Carl Maria Nicolaus Hummels Studie eines Baumes im Park der Villa Carlotta,

Die Ausstellung „Mehr Licht“ in Düsseldorf widmet sich den Ölstudien der Landschaftsmaler des 19. Jahrhunderts. Kuratiert wurde sie von Bestsellerautor Florian Illies.

Im April 1336 hatte der italienische Dichter und Humanist Francesco Petrarca (1304-1374) gemeinsam mit seinem Bruder und zwei Freunden den Mont Ventoux in den provenzalischen Voralpen bestiegen. Die Freunde waren „lediglich aus Verlangen“, also nur zum eigenen Vergnügen auf den „windigen Berg“ bis zum Gipfel geklettert und Petrarca hatte in einem Brief über alle Aspekte dieser Wanderung Zeugnis abgelegt: Er berichtete detailliert über die Betrachtung der Natur, über Blickachsen und neue Perspektiven, die eigene Bewusstseinserweiterung und die körperliche Anstrengung.

Petrarcas subjektiver Bericht seiner Besteigung des Mont Ventoux gilt als die erste überlieferte Darstellung einer freiwilligen Bergbesteigung und war der Auftakt zu etwas Neuem: Fortan nämlich durften allein Neugier und „interesseloses Wohlgefallen“ (wie Kant dies in Bezug auf den Begriff des Schönen später nennen sollte) das Naturerleben leiten. Die betrachtende Zuwendung hat aus der Natur die Landschaft gemacht. Und die haben die Maler seither in zahllosen Variationen in Bildern festgehalten.

Ölskizzen wurden lange vernachlässigt, sagt Florian Illies

Aber, nicht allein die großartig komponierten und sorgfältig ausgeführten Landschaftsgemälde, die in den folgenden Jahrhunderten entstehen, künden von einem neuen Verständnis von Natur. Besonders die in Öl gemalten Studien und malerischen Experimente auf dem Weg dorthin, die lange vernachlässigt wurden, lohnen, etwas genauer betrachtet zu werden. Das jedenfalls findet der Kunsthistoriker und Autor Florian Illies, der für den Kunstpalast die Ausstellung „Mehr Licht.
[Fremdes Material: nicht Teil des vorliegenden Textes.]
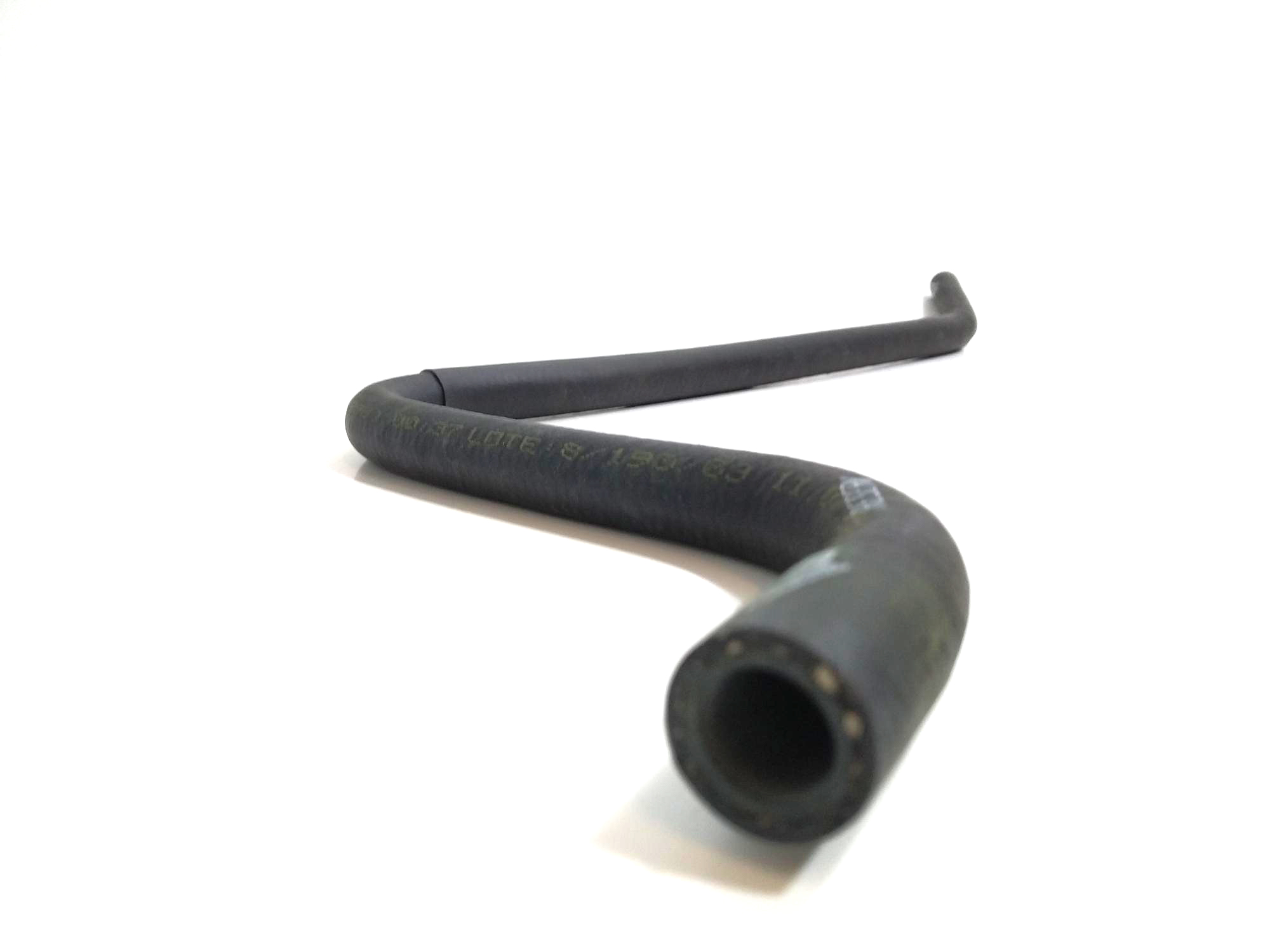 MANGUERA RET SERVODIRECCION  NISSAN FRONTIER BRA 03-08  2.8 DIES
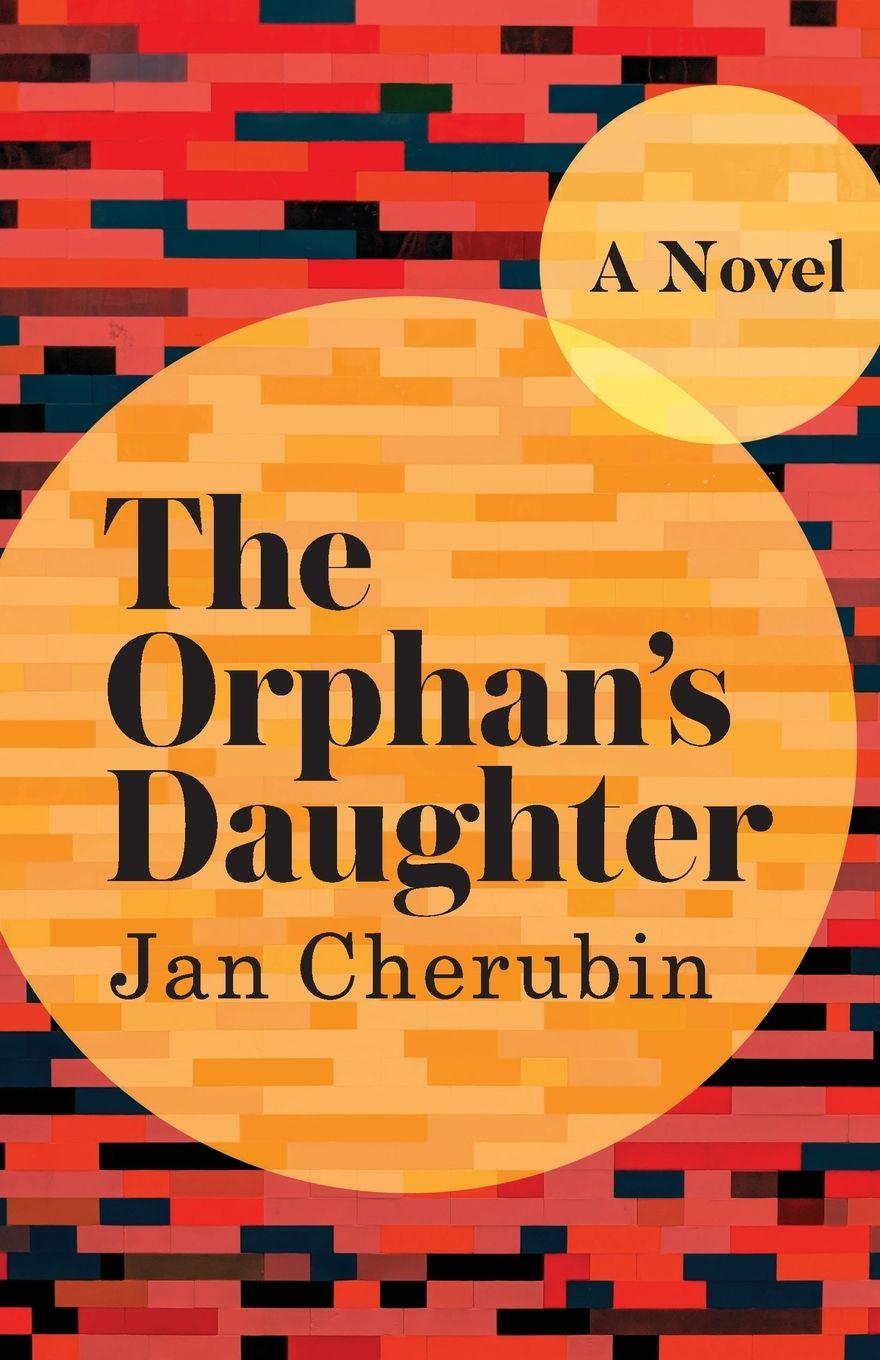 Vorderes Coverbild The Orphan's Daughter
Die Befreiung der Natur“ gemeinsam mit Anna-Christina Schütz kuratiert hat.

Die Düsseldorfer Schau, die auf einen umfangreichen eigenen Bestand vor allem der Düsseldorfer Malerschule zurückgreifen kann, versammelt rund 170 Studien in Öl von 75 Künstlern - und ist überhaupt die erste Ausstellung in Deutschland, die sich den Ölstudien der Landschaftsmaler in der ersten Hälfte des 19. Jahrhunderts widmet und diese als Kunst angemessen ernst nimmt.

Kleinformatig und scheinbar unfertig, spontan und rasch hingeworfen, gemalt meist auf Papier oder Karton oder auch auf Leinwandresten, voll Energie und Frische und spontaner Einfälle – ab etwa 1820 entstanden diese Ölstudien, als Erinnerungshilfen und Fingerübungen, die flüchtigen Impressionen zu bewahren; sie wurden allenfalls den Kollegen gezeigt, selten als Detailstudien für eigene Bilder verwendet. Ausgestellt und verkauft nämlich wurden damals lediglich die fertigen Ölgemälde.

Johann Wilhelm Schirmers Ölskizze einer Bachschleuse zeigt viel grüne Natur rund um einen kleinen Bach.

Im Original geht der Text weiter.